Forge of Empires Basic Optimization Strategies
Forge of Empires Basic Optimization Strategies by slurpz
Everyone has his or her own optimal setup depending on activity (the 5 minute huts are best for income at 84 income per hour with happiness bonus or 72 income without, until you research up to high middle age, and then brownstone houses are best for income at 108 income per hour with happiness bonus or 90 income without. The best income so far would be estate houses in late middle age with 144 income with happiness bonus or 120 income without). Very active people would do best with the high rate, low coin homes, while more inactive people should try to match the duration of house incomes with their expected activities.
However, layout will always be optimized the same. You want to reduce the amount of roads you have to put down (because that space would be better used by happiness buildings).
Try to place your town center in the space that would save you the most space. Usually this is either dead center with all roads leading out from there, or in the corner where you would typically have to spend more roads to make a L bend.
Try to stick all of your houses in a double row with your pottery places.
Also, you will always want 40% more happiness than you have population to get the 120% production bonus. That bonus means that you will actually lose productivity from having too many houses.

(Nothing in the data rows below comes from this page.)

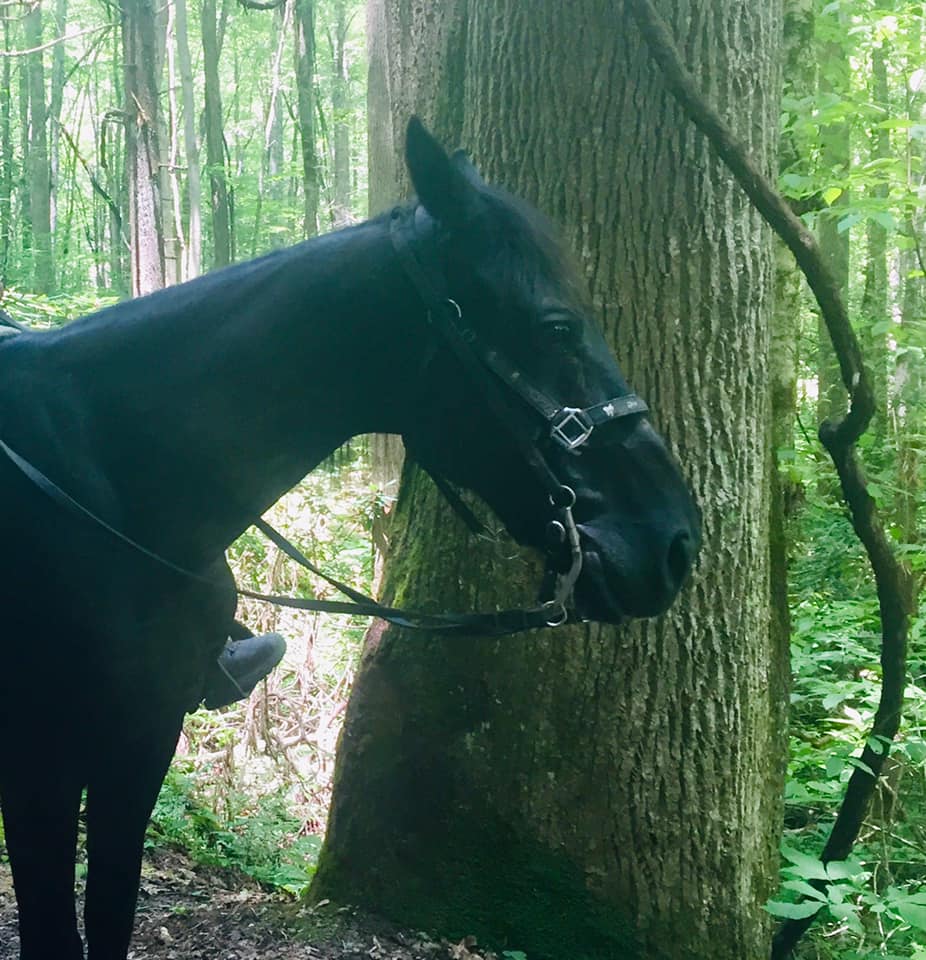 Horse Riding North Carolina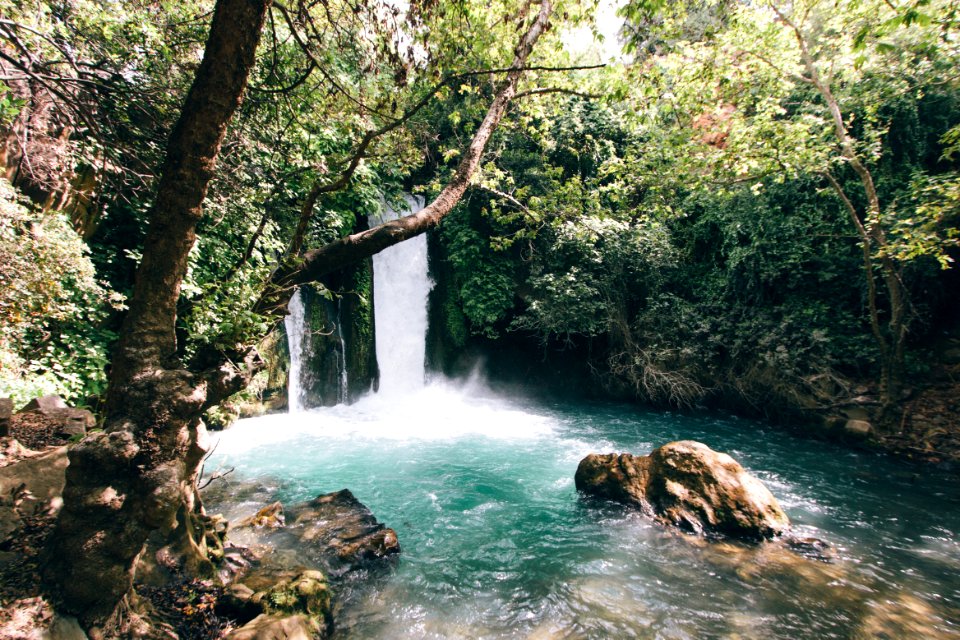 green and white body of water near forest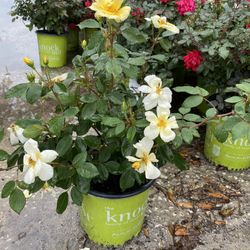 Garden Supply Center!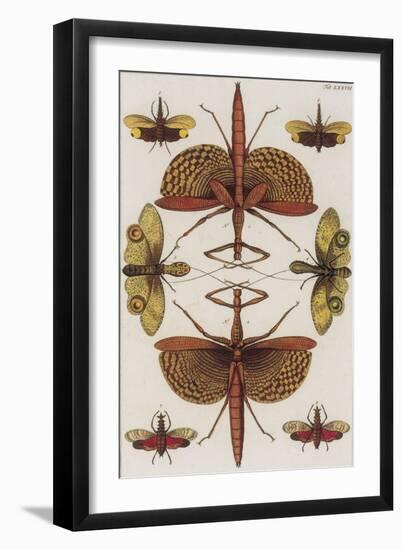 Insects, Seba's Thesaurus, 1734-Science Source-Framed Giclee Print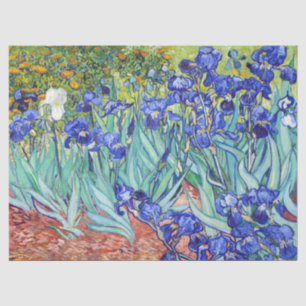 Vincent Van Gogh maltet Schwertlilien Seidenpapier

Basic example: huts make 6 gold with 100% production bonus, and 7 gold with 120% bonus. Huts give 14 population. 1.4 x 14 = 19.6, or a little over 1 tree/obelisk, or a little under 1 flower. 9 huts with 10 trees make 63 gold. 10 huts with 10 flowerbeds make 70 gold. If you were to do the same space with 100% happiness instead, you would get 10 huts with 8 trees for 60 gold, and 11 huts with 7 flowerbeds for 66 gold. It adds up over time!
Remember, that you only need a little bit of road touching in order to have an entire building connected. This lets you use the ends of the roads next to boundaries to squeeze in some happiness buildings. You can also use the ends of roads to squeeze in many buildings (both examples are in the picture. The happiness building is squeezed into the end of the world at the left side of the picture, while I have squeezed in 4 buildings around that little road on the right).
It is generally best to have your units defend in chokepoints/defensively good places (bushes and forests for spear type units) unless you are sure you can kill the enemy unit in one round (it’s also a plus if none of your units are left in a position to be revenge killed). This is because your units get one counterattack each, and that might mean the difference between being able to let a unit survive with low health, or having it die.
Following that train of thought, it’s best to focus on one enemy unit at a time, so that you can take as few counter attacks as you positively can. Keep in mind that only melee units get counter attacks.
It might be helpful to mouseover enemy units so that you can get a sense of how far their range is (for melee units). For ranged units, you will have to add their range stat to their movement to get a sense of how far their attack is.
If you end up using a combination of melee and ranged units, keep in mind that using physical barriers (like lakes, mountains, and forests) in conjunction with good melee unit positioning can keep enemy units from hitting your ranged.
Try to keep the damage spread around your units. That way half your units won’t end up dead while the rest of your military is healthy.
The AI is stupid. If you retreat your low health units out of a melee’s immediate 2-3 tiles, and you keep a full health spear in a forest, the AI will attack the full health spear. If you have a bunch of ranged units, but you can’t retreat far enough, you can move your wounded ranged units as far as you can, keeping a full health sacrificial ranged unit near the melee unit, the melee unit will hit the full health unit.
This of course, only works for melee units. Enemy ranged units target units by low health ranged > full health ranged > low health melee > full health melee (maybe in order of attack weakness? I haven’t tested to see whether ranged units preferred to hit heavy melee units).
Basic use of physical chokepoints. You stick the spears in front to catch horsemen and melee.
If you’re down to just ranged units left, or if you only have ranged units near an enemy melee unit, you can kite it around.
Mouseover the enemy unit to see how far it can go, and move one square past that. If you can hit him at that point, attack him. Otherwise just keep running until you can hit him.